Ce livre nous entraîne dans l’obscurité profonde d’un personnage qui touche le fond de la douleur laissée par la disparition de sa femme. Il ne semble, désormais, porter en lui que “la laideur de ce monde” qui l’entoure. Les petits riens très sombres de son quotidien prennent une place exacerbée et un caractère plus que glauque. Son univers lui paraît en tout point hostile, horripilant et le mène au bord de l’exaspération, du précipice dans lequel il est tout prêt à se jeter. Pas étonnant que, dans son état, sa profession de “contemplateur de larmes” lui soit insupportable.
Parallèlement, l’intensité de l’amour qui le lie à sa fille est d’une pureté si pénétrante que j’y ai retrouvé beaucoup de ces vives émotions ressenties dans cet autre livre : “la petite fille de Monsieur Linh”.
Néanmoins, la plume de Philippe Claudel est , ici, beaucoup plus caustique et son humour, bien que souvent grinçant, est vraiment perspicace. Cette dérision jubilatoire qui entoure l’univers trash de la baby-sitter donne un souffle non négligeable au texte.

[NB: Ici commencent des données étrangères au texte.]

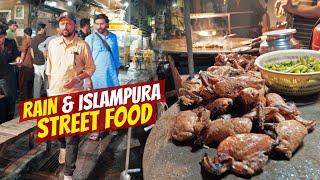 Islampura Food Street in Rain  Tawa Chicken Anda Tikki Shami Burger  Lahore Food Pakistan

Apparemment, ce livre peut mettre en péril le choix du don d’organes, comme le souligne Clarabel et son interprétation divergente. Pour ma part, je reste convaincue qu’il en est un bel hommage que je développerai dans la discussion.

Voni - Moselle - 64 ans - 1 novembre 2005


un mauvais coup 2 étoiles

Voila un livre qui entérine tous les préjugés hostiles aux dons d'organe.
Par ailleurs, la gardienne des enfants est d'une telle grossièreté qu'on se demande comment le père, si soucieux de sa progéniture, ne met pas un terme à ses activités

Rotko - Avrillé - 50 ans - 21 octobre 2005


chronique de la vie quotidienne 8 étoiles

j'ai trouvé ce livre au début un peu trop "noir" et un peu trop "cru" mais connaissant l'auteur je ne me suis pas laissé influencer par ces sentiments de départs.
et j'avais raison! ce livre est simplement une chronique de la vie quotidienne et un homme faisant partie de notre monde, plein d'incompréhension et il est vrai plus entouré de "noir" que de "bleu"!
L'auteur a la franchise de le dire ainsi que de donner des exemples de ces soi-disant personnalités qui se croient essentielles à notre survie...
Mais la plus belle leçon à retenir est que nous devons nous accrocher face à ces catastrophes de la vie quotidienne car il y a toujours quelqu'un (dans ce livre son bébé) qui compte sur nous, qui nous aime et qui efface d'un sourire les plus vilaines choses!

Livre bien écrit, plein de franchise et donc à conseiller!